**WHAT THE TASK ASKS:**
Please print, exactly, only the lines in the entries below from the line that has "Friends toasting with" through the line that has "Efficient laundry area". Pictures don't go in.

**MATERIAL FOR THIS EXERCISE:**
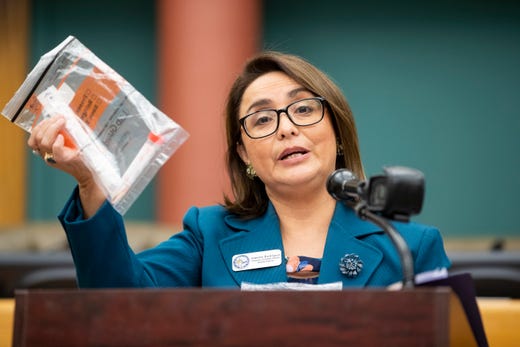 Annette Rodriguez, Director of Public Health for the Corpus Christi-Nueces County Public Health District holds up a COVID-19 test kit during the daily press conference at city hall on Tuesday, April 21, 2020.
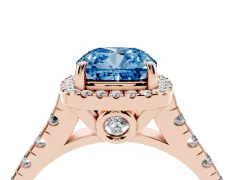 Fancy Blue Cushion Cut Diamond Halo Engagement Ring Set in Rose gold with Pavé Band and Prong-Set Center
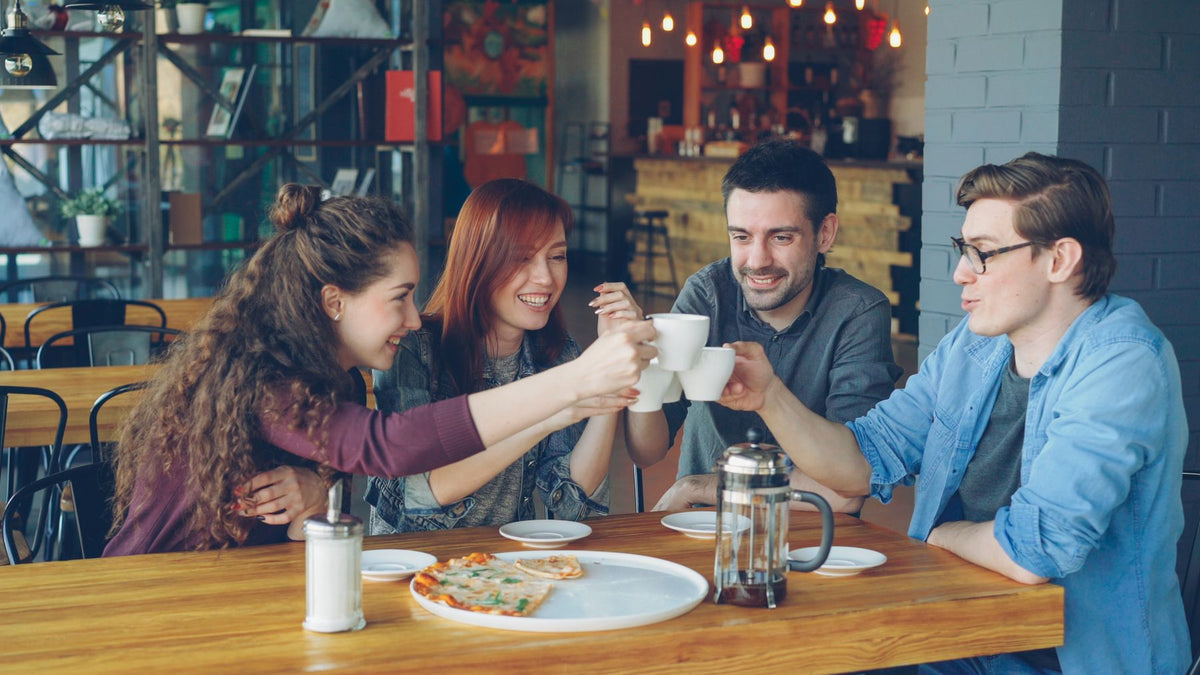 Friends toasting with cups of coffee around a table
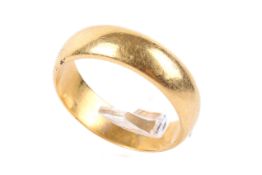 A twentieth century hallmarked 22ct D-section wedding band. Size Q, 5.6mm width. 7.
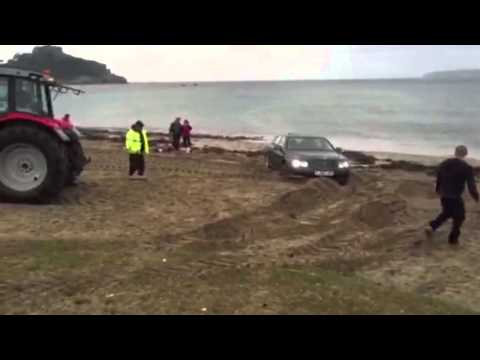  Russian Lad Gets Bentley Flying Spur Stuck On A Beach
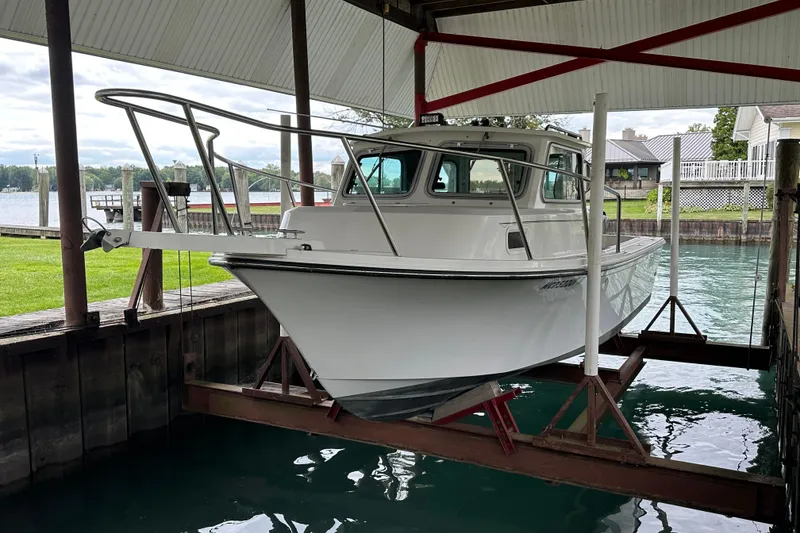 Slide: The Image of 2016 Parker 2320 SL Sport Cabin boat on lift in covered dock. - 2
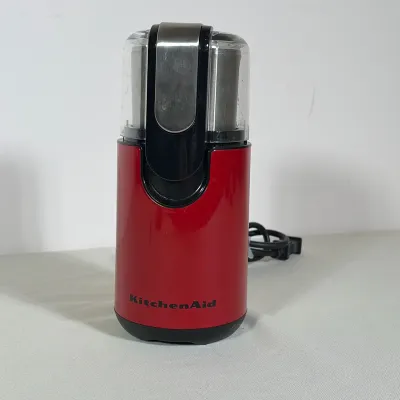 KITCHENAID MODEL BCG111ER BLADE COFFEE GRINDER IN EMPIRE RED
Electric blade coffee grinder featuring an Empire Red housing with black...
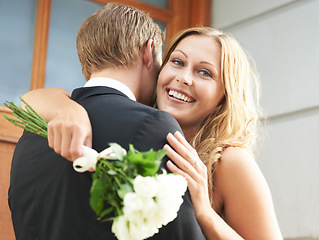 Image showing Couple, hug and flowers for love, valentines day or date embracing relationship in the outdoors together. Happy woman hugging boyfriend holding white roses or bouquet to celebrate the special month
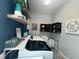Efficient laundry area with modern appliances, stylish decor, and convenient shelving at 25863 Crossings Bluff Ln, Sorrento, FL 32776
==
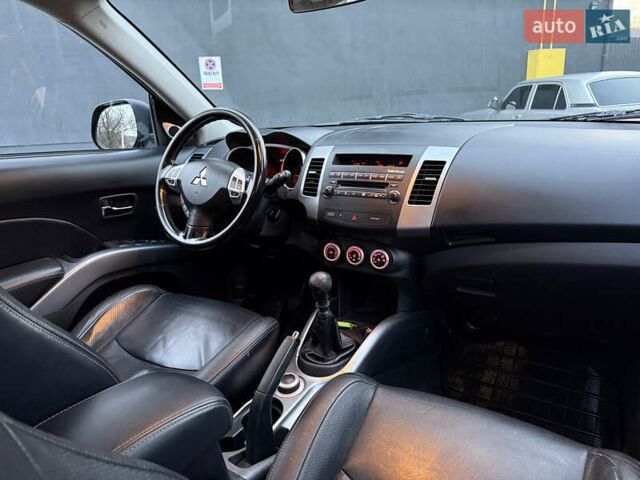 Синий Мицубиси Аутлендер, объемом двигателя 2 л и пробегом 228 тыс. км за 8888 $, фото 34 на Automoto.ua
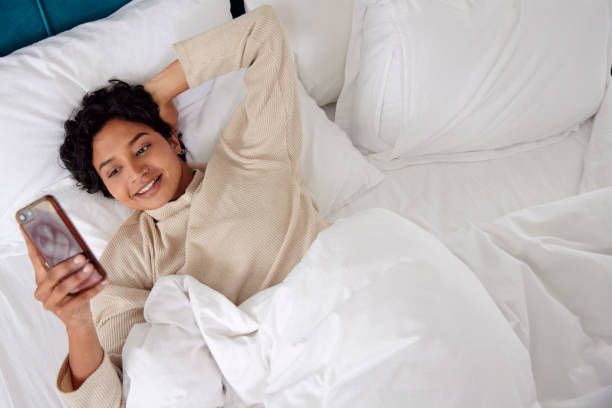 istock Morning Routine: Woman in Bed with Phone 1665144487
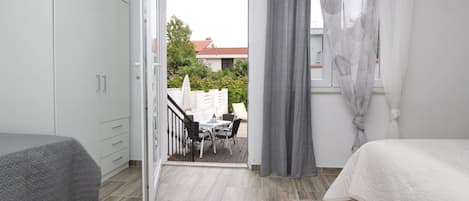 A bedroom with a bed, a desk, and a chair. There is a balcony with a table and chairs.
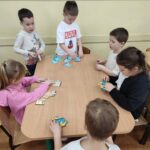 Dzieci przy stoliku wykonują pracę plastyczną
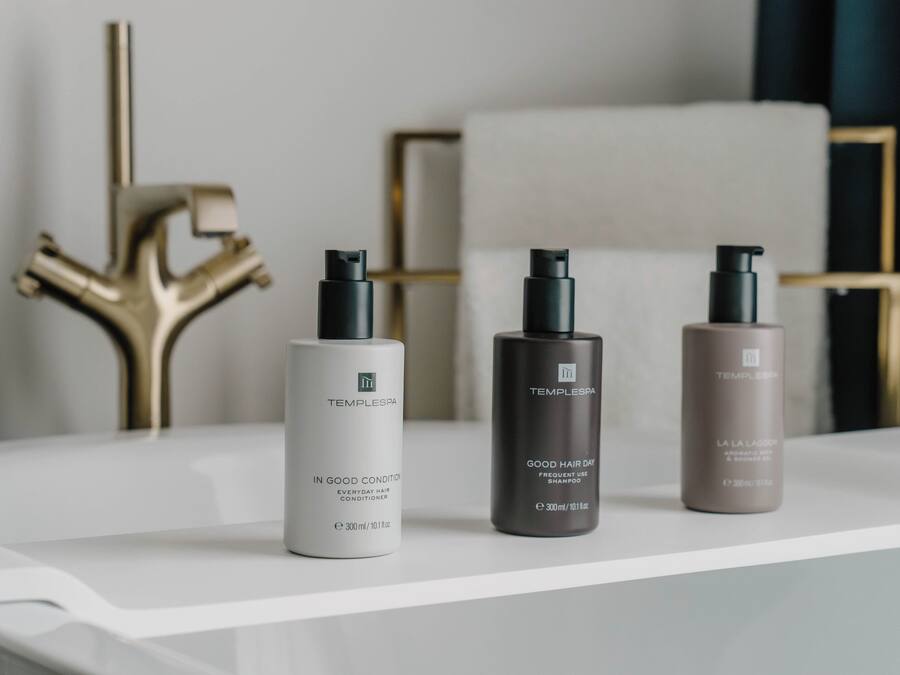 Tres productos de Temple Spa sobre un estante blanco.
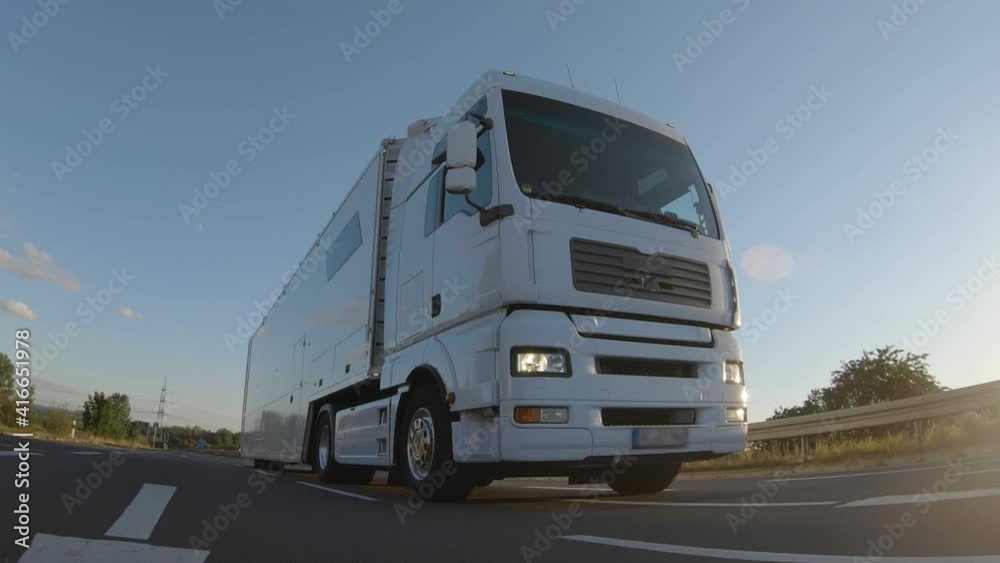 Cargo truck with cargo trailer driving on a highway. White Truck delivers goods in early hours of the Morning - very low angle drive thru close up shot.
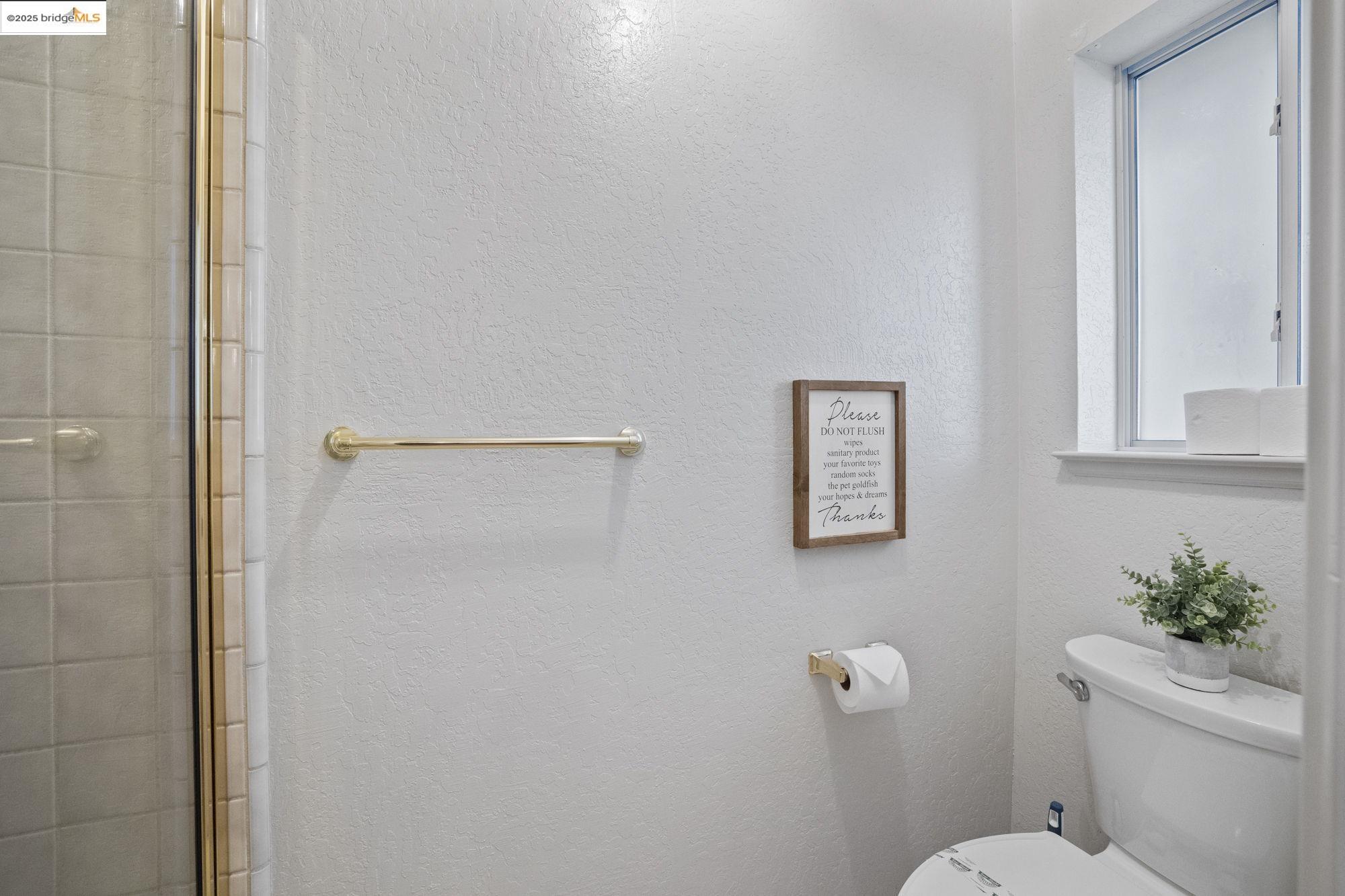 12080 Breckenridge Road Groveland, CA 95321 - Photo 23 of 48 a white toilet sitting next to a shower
...
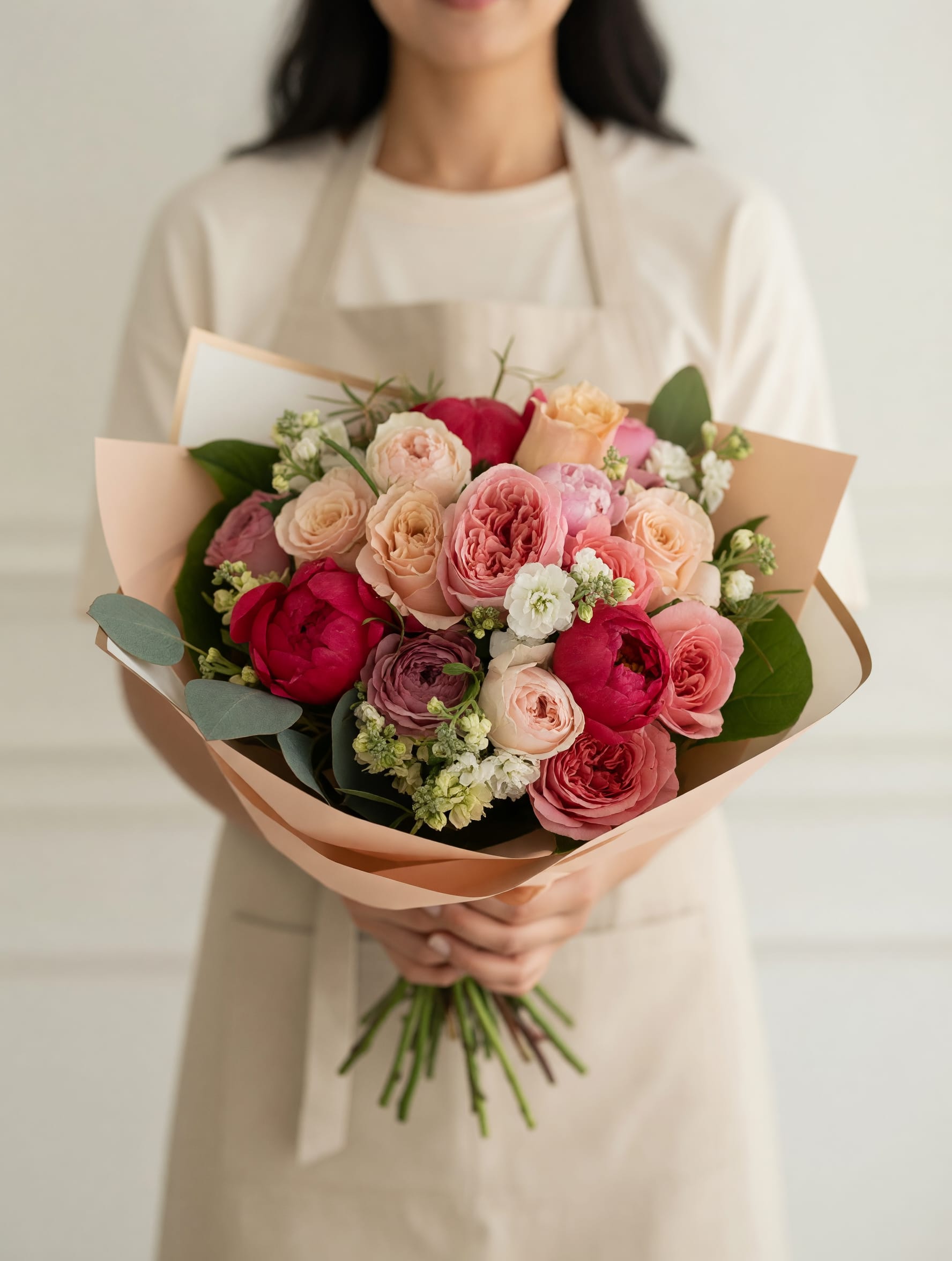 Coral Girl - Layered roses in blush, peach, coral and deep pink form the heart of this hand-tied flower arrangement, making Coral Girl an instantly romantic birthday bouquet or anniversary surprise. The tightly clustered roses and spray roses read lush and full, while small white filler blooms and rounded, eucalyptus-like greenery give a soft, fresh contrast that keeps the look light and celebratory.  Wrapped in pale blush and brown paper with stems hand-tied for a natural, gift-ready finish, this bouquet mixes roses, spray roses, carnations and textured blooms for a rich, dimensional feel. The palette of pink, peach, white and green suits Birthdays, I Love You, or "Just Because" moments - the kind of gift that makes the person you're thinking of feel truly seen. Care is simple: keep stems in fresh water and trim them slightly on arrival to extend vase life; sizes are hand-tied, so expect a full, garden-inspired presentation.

**REPLY:**
 Friends toasting with cups of coffee around a table
 A twentieth century hallmarked 22ct D-section wedding band. Size Q, 5.6mm width. 7.
  Russian Lad Gets Bentley Flying Spur Stuck On A Beach
 Slide: The Image of 2016 Parker 2320 SL Sport Cabin boat on lift in covered dock. - 2
 KITCHENAID MODEL BCG111ER BLADE COFFEE GRINDER IN EMPIRE RED
Electric blade coffee grinder featuring an Empire Red housing with black...
 Image showing Couple, hug and flowers for love, valentines day or date embracing relationship in the outdoors together. Happy woman hugging boyfriend holding white roses or bouquet to celebrate the special month
Efficient laundry area with modern appliances, stylish decor, and convenient shelving at 25863 Crossings Bluff Ln, Sorrento, FL 32776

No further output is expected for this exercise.